__Extracted records__:
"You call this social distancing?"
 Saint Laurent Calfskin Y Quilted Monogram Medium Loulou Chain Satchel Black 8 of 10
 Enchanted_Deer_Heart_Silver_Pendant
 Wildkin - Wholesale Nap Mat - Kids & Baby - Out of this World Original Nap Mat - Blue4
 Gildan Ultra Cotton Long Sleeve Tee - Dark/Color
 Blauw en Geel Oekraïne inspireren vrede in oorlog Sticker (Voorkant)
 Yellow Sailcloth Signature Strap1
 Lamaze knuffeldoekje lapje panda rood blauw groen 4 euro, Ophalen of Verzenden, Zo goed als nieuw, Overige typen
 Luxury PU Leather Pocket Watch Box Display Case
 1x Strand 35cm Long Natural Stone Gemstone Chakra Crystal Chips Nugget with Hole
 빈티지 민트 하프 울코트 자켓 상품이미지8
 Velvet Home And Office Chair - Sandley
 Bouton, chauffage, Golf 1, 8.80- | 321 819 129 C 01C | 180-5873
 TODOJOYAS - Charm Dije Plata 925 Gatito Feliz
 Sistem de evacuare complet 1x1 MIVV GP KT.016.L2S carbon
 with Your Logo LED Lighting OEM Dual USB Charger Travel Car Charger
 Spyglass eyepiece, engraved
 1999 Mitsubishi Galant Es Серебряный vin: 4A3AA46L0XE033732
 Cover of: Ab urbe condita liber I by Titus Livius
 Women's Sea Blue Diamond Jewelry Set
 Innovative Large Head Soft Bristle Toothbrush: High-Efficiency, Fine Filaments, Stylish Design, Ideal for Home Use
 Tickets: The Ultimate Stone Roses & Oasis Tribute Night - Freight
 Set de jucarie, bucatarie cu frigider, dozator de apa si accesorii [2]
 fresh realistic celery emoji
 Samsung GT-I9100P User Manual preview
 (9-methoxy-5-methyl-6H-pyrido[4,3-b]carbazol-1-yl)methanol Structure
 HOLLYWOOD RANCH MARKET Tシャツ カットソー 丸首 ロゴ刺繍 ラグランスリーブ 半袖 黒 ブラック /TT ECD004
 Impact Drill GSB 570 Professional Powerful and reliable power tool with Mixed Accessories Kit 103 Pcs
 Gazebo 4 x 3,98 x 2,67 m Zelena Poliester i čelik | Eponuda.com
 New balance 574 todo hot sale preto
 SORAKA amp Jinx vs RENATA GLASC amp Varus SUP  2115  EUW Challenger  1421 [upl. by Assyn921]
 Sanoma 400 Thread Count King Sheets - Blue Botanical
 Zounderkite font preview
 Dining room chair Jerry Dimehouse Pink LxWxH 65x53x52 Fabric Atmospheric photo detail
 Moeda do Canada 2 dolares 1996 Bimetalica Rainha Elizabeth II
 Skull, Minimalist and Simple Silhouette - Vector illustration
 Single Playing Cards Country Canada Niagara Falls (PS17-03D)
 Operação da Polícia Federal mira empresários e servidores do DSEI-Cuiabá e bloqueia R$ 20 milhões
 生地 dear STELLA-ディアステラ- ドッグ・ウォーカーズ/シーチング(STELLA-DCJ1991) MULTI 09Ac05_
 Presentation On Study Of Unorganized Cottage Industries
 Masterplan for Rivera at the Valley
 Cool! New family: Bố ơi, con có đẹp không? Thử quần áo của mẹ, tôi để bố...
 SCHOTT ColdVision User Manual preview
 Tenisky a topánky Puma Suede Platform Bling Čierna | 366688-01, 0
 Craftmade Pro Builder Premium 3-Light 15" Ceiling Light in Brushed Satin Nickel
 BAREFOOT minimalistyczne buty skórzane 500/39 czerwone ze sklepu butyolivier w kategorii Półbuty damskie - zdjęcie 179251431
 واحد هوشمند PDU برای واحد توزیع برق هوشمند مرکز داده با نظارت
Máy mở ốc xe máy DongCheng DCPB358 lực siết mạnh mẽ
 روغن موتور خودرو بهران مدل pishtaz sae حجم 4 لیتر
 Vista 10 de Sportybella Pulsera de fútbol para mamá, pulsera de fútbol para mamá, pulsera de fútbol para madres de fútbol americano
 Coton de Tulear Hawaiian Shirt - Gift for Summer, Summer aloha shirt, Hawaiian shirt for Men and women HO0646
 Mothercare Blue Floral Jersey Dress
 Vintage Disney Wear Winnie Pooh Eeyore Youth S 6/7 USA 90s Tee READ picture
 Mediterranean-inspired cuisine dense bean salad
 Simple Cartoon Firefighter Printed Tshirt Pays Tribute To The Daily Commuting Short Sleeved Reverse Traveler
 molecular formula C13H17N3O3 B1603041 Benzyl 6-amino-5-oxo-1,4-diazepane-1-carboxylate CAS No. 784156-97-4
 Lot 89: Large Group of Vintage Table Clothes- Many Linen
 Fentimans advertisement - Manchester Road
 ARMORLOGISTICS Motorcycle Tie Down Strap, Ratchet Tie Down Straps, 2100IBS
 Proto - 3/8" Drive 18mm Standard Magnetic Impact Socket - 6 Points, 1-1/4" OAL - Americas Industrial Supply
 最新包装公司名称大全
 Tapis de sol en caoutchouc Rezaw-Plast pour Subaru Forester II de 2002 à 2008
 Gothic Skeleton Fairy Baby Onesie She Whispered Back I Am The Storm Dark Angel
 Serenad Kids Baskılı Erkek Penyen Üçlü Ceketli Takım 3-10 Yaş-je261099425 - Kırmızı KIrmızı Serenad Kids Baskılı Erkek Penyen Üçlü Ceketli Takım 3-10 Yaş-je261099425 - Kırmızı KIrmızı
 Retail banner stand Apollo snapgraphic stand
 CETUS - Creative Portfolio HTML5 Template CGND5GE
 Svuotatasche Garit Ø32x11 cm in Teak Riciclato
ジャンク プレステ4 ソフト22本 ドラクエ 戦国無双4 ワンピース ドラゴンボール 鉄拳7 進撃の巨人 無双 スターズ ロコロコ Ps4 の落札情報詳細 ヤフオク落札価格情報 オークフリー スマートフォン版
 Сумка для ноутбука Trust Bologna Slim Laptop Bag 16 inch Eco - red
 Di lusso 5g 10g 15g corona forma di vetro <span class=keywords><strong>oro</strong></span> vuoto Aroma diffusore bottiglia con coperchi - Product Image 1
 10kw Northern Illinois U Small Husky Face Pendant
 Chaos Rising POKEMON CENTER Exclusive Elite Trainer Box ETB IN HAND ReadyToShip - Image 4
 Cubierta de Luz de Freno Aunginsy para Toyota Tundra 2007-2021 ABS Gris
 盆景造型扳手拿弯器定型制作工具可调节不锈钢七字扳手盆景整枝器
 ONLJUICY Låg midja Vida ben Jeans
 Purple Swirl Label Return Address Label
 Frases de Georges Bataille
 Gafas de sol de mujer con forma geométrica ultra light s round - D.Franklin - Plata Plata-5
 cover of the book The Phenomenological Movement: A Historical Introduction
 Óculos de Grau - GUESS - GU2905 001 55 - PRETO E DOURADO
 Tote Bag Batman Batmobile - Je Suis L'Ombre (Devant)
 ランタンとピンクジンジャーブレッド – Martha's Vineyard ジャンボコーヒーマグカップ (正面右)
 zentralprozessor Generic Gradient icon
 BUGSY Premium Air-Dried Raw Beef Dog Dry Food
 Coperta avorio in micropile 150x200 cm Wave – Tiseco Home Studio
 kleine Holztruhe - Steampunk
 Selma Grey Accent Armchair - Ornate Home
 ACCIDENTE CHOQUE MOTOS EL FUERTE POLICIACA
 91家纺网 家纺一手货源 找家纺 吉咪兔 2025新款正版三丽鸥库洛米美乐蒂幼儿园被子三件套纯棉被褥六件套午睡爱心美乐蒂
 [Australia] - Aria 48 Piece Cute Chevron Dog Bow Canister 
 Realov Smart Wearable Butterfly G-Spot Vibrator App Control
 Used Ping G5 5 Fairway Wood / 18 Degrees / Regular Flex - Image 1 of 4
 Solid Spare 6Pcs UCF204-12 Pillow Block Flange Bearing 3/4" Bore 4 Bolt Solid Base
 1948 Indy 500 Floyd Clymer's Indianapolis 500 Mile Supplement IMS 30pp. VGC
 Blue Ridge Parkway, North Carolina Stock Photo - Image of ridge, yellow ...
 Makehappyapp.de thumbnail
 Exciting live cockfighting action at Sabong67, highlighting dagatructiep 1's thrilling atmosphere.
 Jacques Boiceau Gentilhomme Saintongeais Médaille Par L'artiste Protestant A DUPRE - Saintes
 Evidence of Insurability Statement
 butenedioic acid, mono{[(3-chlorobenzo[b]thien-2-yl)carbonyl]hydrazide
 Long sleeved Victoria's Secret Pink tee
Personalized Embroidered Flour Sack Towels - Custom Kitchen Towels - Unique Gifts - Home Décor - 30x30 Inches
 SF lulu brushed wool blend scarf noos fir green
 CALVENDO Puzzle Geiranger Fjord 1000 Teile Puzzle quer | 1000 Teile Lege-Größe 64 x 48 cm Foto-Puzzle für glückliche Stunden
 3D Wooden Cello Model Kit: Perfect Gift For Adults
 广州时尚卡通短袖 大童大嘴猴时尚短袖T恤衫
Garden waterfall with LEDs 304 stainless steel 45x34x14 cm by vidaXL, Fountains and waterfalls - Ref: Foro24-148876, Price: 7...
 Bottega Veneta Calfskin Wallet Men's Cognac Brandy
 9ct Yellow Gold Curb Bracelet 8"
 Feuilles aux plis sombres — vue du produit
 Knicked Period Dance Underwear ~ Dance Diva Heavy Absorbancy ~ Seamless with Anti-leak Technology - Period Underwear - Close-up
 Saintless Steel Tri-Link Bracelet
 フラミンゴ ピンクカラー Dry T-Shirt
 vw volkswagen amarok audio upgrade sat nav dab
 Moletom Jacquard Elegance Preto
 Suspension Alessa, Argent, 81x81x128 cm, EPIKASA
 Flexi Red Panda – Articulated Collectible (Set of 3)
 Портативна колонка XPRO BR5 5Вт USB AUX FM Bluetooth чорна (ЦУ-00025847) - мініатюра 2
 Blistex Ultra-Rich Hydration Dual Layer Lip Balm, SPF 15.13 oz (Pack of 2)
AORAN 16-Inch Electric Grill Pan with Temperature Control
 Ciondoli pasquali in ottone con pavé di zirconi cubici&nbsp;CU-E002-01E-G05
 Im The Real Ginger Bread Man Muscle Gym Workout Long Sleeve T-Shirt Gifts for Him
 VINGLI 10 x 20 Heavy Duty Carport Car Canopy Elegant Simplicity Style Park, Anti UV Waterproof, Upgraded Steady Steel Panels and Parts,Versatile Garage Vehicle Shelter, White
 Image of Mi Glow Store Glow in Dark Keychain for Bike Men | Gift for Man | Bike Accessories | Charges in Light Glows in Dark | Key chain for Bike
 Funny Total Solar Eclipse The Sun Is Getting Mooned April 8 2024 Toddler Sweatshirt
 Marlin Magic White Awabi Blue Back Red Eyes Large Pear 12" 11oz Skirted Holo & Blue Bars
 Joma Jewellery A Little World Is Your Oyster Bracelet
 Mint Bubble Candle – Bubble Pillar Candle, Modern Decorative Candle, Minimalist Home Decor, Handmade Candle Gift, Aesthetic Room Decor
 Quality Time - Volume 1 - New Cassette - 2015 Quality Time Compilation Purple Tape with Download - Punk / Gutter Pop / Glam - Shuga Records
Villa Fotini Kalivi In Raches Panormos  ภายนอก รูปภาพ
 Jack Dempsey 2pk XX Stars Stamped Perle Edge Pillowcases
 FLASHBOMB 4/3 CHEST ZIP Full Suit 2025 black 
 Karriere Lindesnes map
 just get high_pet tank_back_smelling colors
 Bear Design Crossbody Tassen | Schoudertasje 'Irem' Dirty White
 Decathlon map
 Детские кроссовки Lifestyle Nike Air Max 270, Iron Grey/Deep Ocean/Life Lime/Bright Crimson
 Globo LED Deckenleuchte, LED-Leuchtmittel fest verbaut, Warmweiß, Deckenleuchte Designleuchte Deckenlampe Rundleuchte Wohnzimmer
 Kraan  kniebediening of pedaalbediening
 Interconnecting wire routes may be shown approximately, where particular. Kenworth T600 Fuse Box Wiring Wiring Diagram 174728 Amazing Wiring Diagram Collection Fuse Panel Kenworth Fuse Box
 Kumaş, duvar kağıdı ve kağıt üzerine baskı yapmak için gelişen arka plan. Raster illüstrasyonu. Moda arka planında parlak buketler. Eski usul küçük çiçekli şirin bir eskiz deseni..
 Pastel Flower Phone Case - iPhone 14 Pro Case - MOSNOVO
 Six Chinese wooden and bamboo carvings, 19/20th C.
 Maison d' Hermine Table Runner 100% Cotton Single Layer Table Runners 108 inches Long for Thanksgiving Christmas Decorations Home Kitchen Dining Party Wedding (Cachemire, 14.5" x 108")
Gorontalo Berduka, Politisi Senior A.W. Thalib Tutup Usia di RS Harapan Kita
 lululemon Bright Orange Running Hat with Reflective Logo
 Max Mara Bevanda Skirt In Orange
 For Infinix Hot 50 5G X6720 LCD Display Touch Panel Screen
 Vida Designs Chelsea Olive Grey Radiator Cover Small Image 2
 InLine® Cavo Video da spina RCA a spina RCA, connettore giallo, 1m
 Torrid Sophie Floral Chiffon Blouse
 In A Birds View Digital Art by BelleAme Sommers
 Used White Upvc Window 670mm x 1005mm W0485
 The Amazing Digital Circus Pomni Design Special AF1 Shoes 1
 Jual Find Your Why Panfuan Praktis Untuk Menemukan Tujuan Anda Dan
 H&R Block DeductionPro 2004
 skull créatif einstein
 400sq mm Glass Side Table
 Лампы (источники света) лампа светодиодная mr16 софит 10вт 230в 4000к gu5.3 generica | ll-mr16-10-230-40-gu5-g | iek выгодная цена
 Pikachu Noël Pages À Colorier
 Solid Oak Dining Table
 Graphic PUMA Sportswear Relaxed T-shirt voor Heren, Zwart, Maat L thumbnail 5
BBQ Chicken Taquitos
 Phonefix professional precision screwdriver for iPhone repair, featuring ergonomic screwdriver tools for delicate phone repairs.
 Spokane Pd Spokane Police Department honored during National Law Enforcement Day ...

__Assignment__: Copy exactly the lines from the one with "Pikachu Noël Pages À Colorier" through the last line of the material, keeping both ends.

__Response box__:
 Pikachu Noël Pages À Colorier
 Solid Oak Dining Table
 Graphic PUMA Sportswear Relaxed T-shirt voor Heren, Zwart, Maat L thumbnail 5
BBQ Chicken Taquitos
 Phonefix professional precision screwdriver for iPhone repair, featuring ergonomic screwdriver tools for delicate phone repairs.
 Spokane Pd Spokane Police Department honored during National Law Enforcement Day ...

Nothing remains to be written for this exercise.